GOAL OF THE EXERCISE: Return the complete listing exactly as it reads, with each picture removed.

AVAILABLE DATA:
════════════════

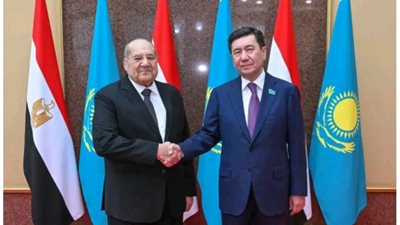 رئيس مجلس الشيوخ يؤكد أهمية تفعيل التعاون البرلماني بين مصر وكازاخستان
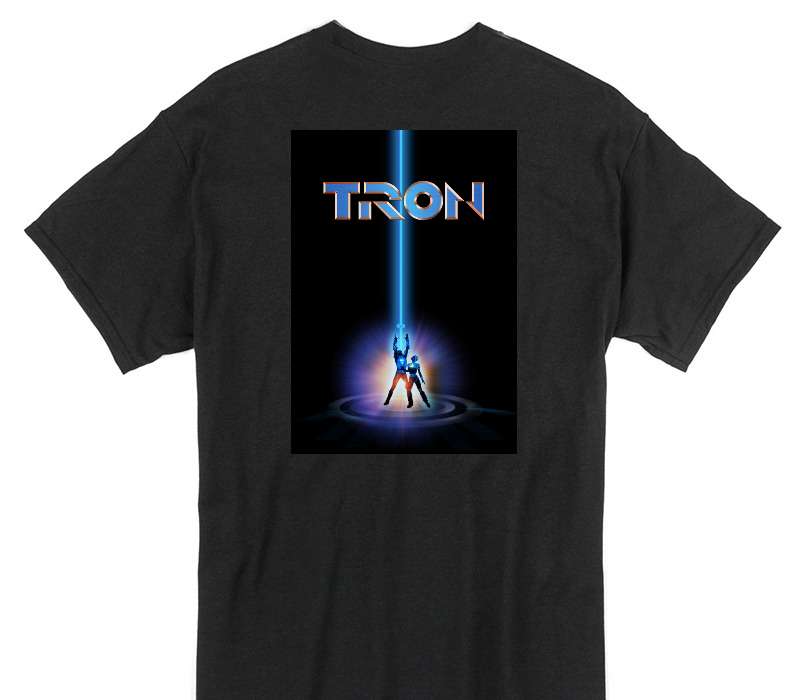 Custom Gildan 100% Cotton Black T-Shirt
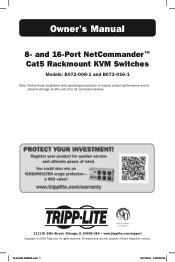Tripp Lite B072-016-1A B072-008-1 and B072-016-1 Owner's Manual 933350 (English)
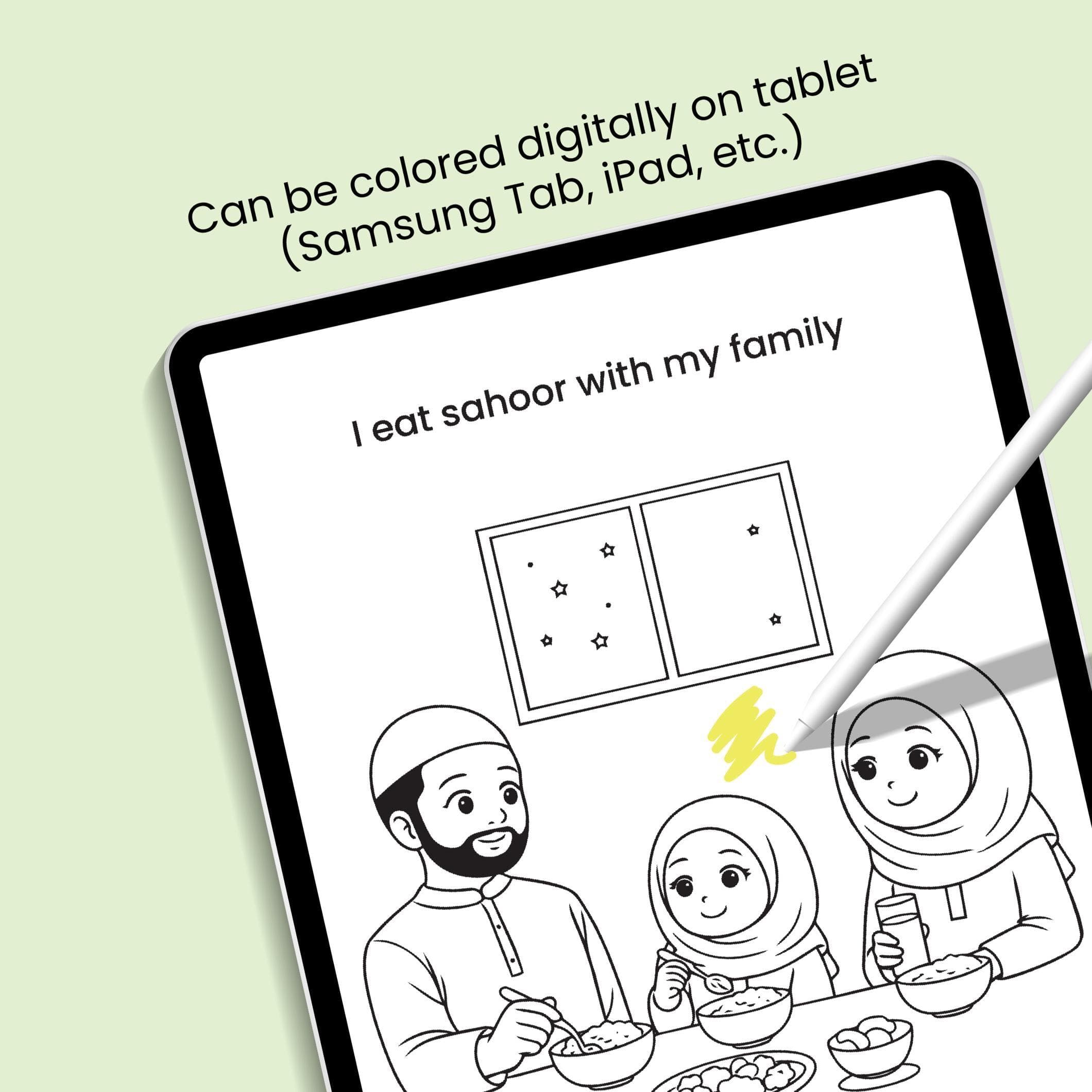Ramadan Activity Bundle for Kids | Islamic Worksheets & Coloring Pages | Muslim Printable Learning Pack - image 4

════════════════

ANSWER AREA:
 رئيس مجلس الشيوخ يؤكد أهمية تفعيل التعاون البرلماني بين مصر وكازاخستان
 Custom Gildan 100% Cotton Black T-Shirt
Tripp Lite B072-016-1A B072-008-1 and B072-016-1 Owner's Manual 933350 (English)
Ramadan Activity Bundle for Kids | Islamic Worksheets & Coloring Pages | Muslim Printable Learning Pack - image 4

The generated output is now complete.